British and European Union airlines would lose the automatic right to fly to each other’s territories if there is no Brexit deal, the government said.
This worst-case scenario is set out in the latest batch of government papers outlining plans for leaving the EU without a deal in place.
The government wants mutual recognition by the EU of UK aviation standards.
However, the EU has not yet done so and will stop recognising UK safety practises on the day of a hard Brexit.
“If the UK leaves the EU in March 2019 with no agreement in place, UK and EU licensed airlines would lose the automatic right to operate air services between the UK and the EU without seeking advance permission,” the government said.
The UK “would envisage” allowing EU airlines to continue flying and “we would expect EU countries to reciprocate in turn”, according to the document.
It added: “It would not be in the interest of any EU country or the UK to restrict the choice of destinations that could be served, though if such permissions are not granted, there could be disruption to some flights.”
The warning – the latest in a series of papers explaining the possible consequences of leaving the EU without a deal – does not necessarily mean that flights would be grounded the day after Brexit.
According to Airlines UK, which represents 13 UK-registered carriers, the European Commission has said it would put in place a “bare bones” aviation agreement with the UK to keep planes flying and to cover safety issues.
Tim Alderslade, the trade body’s chief executive, said airlines expected the EU and UK to reach a new agreement on aviation.
“Whilst we don’t support a no-deal Brexit, we welcome that both the UK and the EU are proposing in this event a minimum agreement that would cover flight and safety requirements for the benefit of both passenger and cargo services,” he said.
ADS Group, which represents the UK’s aerospace, defence, security and space sectors, has called for Britain to remain a member of the European Aviation Safety Agency (EASA).
It said talks should be held between the Civil Aviation Authority and the EASA to address the complex issues involved and ensure flights are not disrupted.
Analysis: Chris Morris, BBC Reality Check correspondent
The no deal notices the government published this afternoon will make uncomfortable reading for many businesses and consumers, but also for the government.
In dry, technical language they make clear that many aspects of day-to-day life could be affected significantly if the UK leaves the EU with no deal at all, including air and coach travel (which could in theory come to a temporary halt) food labelling, driving in Europe for business or pleasure, and taking your pet across the Channel.
The government argues that these warnings represent contingency planning for a worst case scenario, but until they can guarantee that a deal will be done, preparations will have to be made.
And with time running out, people will have to start acting on some of the advice as soon as November.
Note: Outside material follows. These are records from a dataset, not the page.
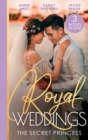 Royal Weddings: The Secret Princess : Revelations of a Secret Princess / Falling for the Secret Princess / Confessions of a Girl-Next-Door - eBook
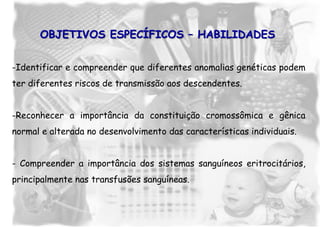-Identificar e compreender que diferentes anomalias genéticas podem
ter diferentes riscos de transmissão aos descendentes.
-Reconhecer a importância da constituição cromossômica e gênica
normal e alterada no desenvolvimento das características individuais.
- Compreender a importância dos sistemas sanguíneos eritrocitários,
principalmente nas transfusões sanguíneas.
OBJETIVOS ESPECÍFICOS – HABILIDADES
 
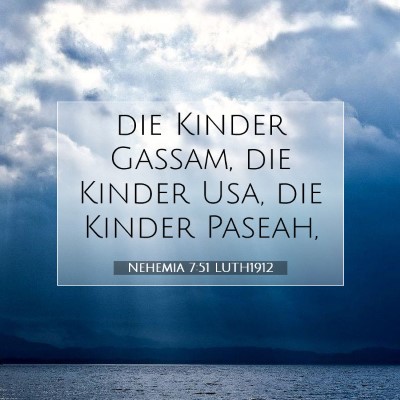 Picture 07 - Nehemia 7:51 LUTH1912 - die Kinder Gassam, die Kinder Usa, die Kinder - Bible Verse Picture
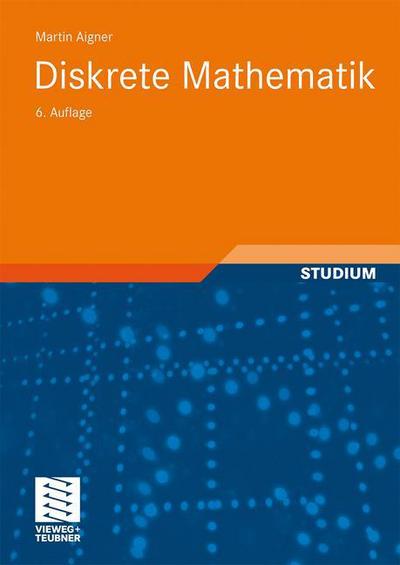 Cover for Aigner, Martin (Freie University Berlin West Germany) · Diskrete Mathematik - Vieweg Studium; Aufbaukurs Mathematik (Paperback Book) [6th 6., Korr. Aufl. 2006 edition] (2006)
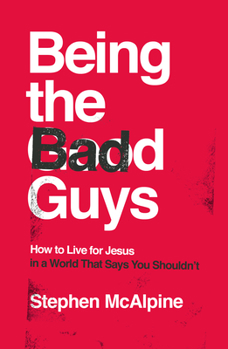 Paperback Being the Bad Guys: How to Live for Jesus in a World That Says You Shouldn't Book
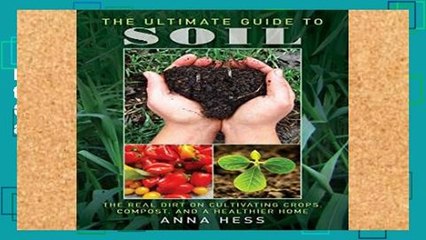 Review  The Ultimate Guide to Soil: The Real Dirt on Cultivating Crops, Compost, and a Healthier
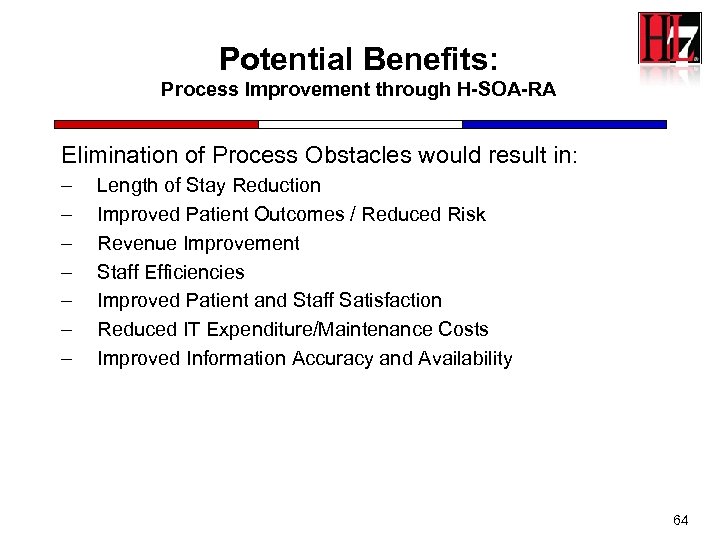 Potential Benefits: Process Improvement through H-SOA-RA Elimination of Process Obstacles would result in: –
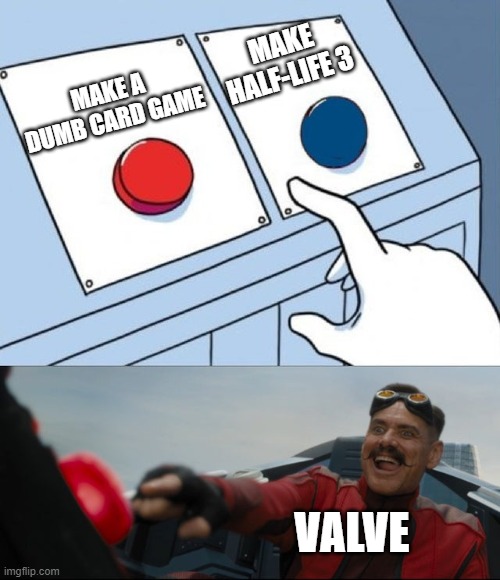 Robotnik Button | MAKE HALF-LIFE 3; MAKE A DUMB CARD GAME; VALVE | image tagged in robotnik button | made w/ Imgflip meme maker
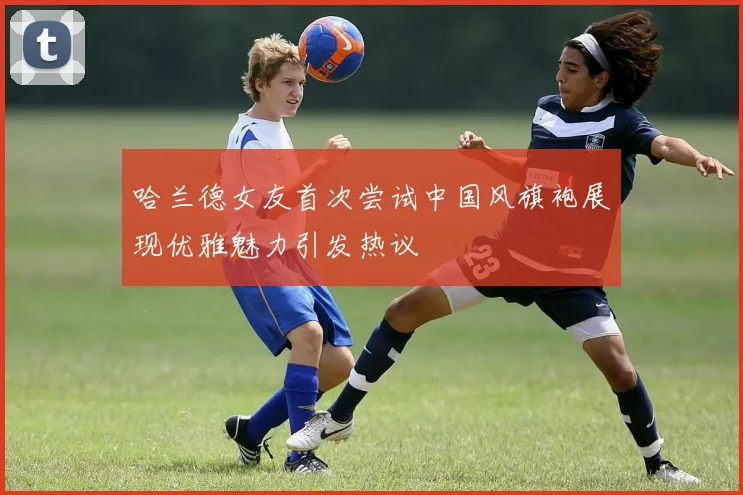 哈兰德女友首次尝试中国风旗袍展现优雅魅力引发热议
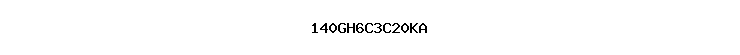 140GH6C3C20KA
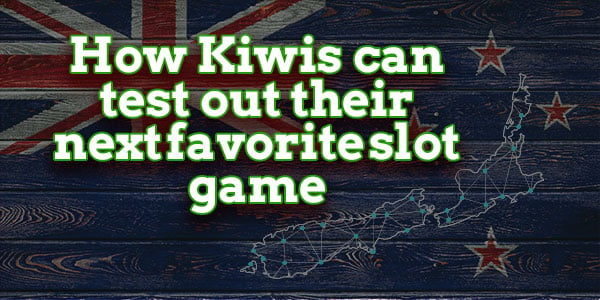 How Kiwis can test out their next favorite slot game before making a deposit 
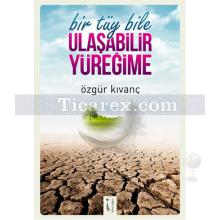 bir_tuy_bile_ulasabilir_yuregime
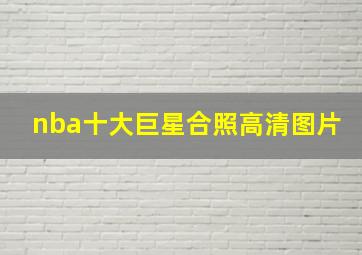 nba十大巨星合照高清图片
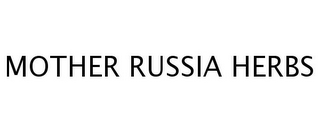MOTHER RUSSIA HERBS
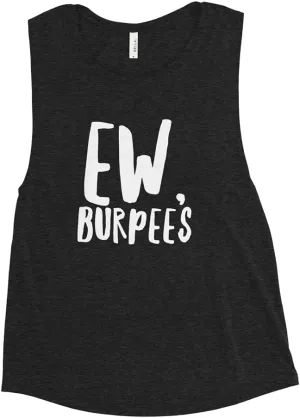 Ladies' Ew, Burpees Muscle Tank, Gift for Her Women Gym Workout Shirt, Funny Activewear Fitness HIIT Crossfit Yoga Sports Top
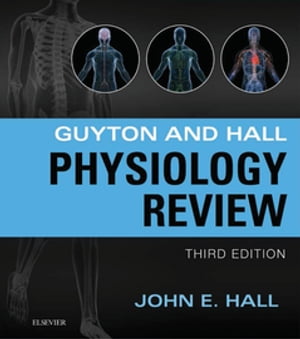 Guyton & Hall Physiology Review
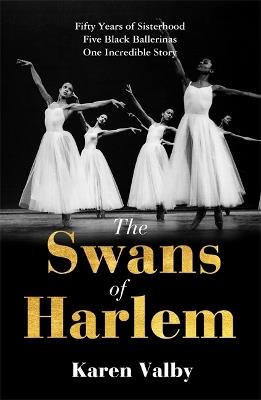 The Swans of Harlem: Fifty years of sisterhood, five black ballerinas, one incredible story - Karen Valby - cover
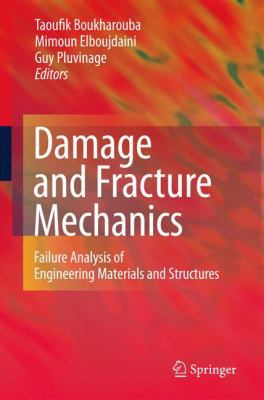Damage and Fracture Mechanics: Failure Analysis... 9048126681 Book Cover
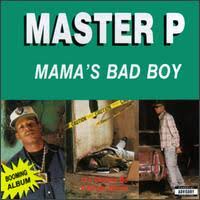 Master P - Mama's Bad Boy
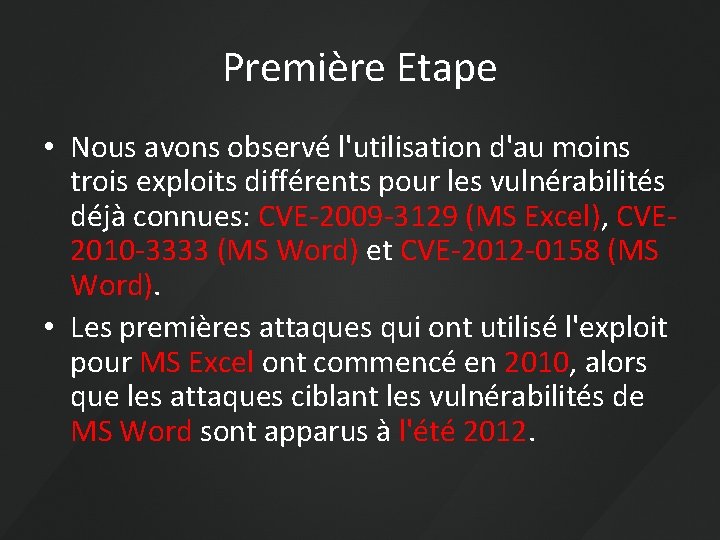 Première Etape • Nous avons observé l'utilisation d'au moins trois exploits différents pour les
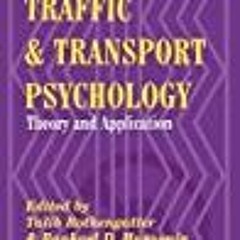 DOWNLOAD Traffic and Transport Psychology Proceedings of the Icttp 2000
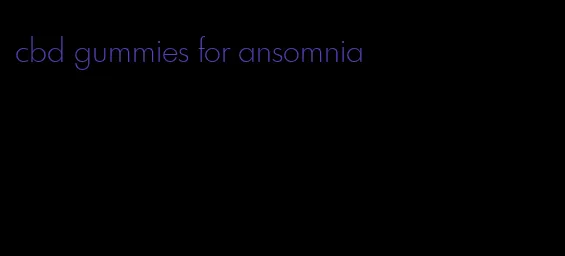 cbd gummies for ansomnia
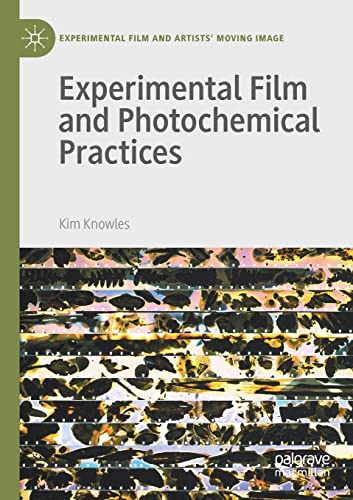 Experimental Film and Photochemical Practices (Experimental Film and Artists’ Moving Image)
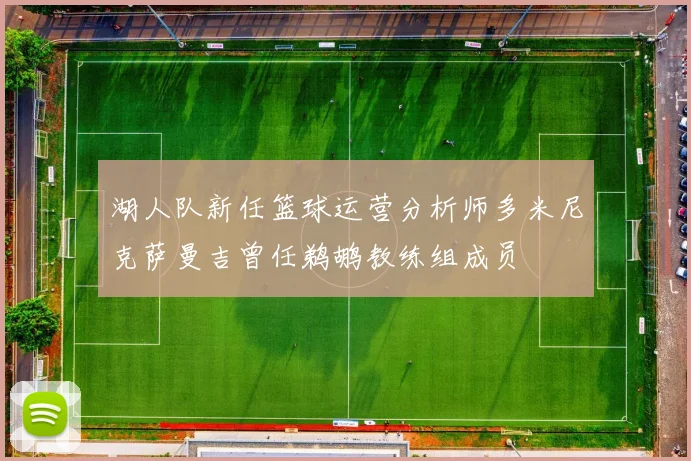 湖人队新任篮球运营分析师多米尼克萨曼吉曾任鹈鹕教练组成员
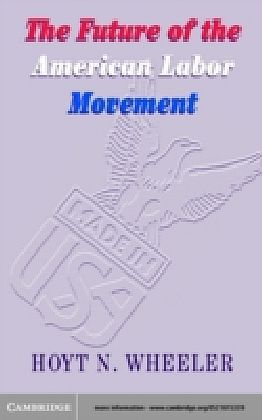 Future of the American Labor Movement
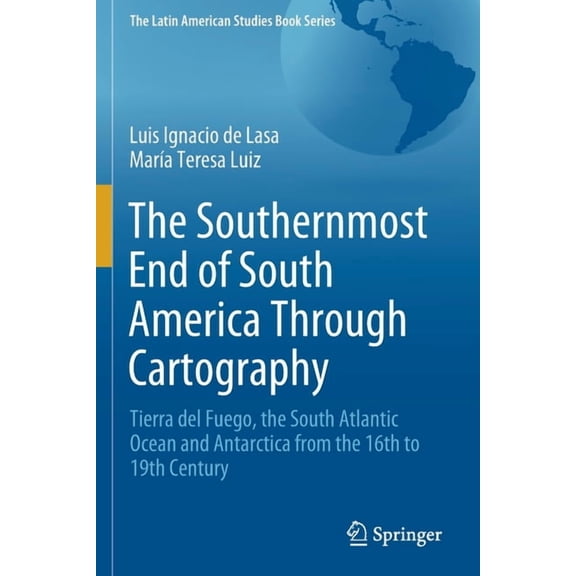Latin American Studies Book The Southernmost End of South America Through Cartography: Tierra del Fuego, the South Atlantic Ocean and Antarctica fro, (Paperback)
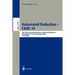 Automated Deduction - Cade-19: 19th International Conference on Automated Deduction Miami Beach, Fl, Usa, July 28 - August 2, 2003, Proceedings
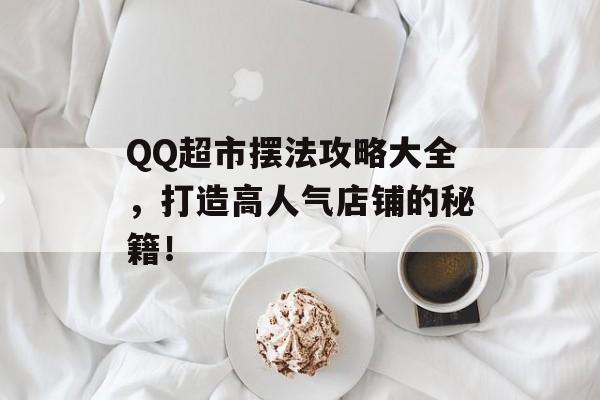 QQ超市摆法攻略大全，打造高人气店铺的秘籍！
The prospect of a no deal Brexit is beginning to loom large.
Flights between the UK and 17 non-EU countries, such as the US, Canada, Switzerland and Iceland, operate due to the UK being an EU member.
The guidance states that “replacement arrangements will be in place before exit day”.
The UK has already reached agreements with some of these countries and is “confident the remaining agreements will be agreed well in advance of the UK leaving the EU”, the government said.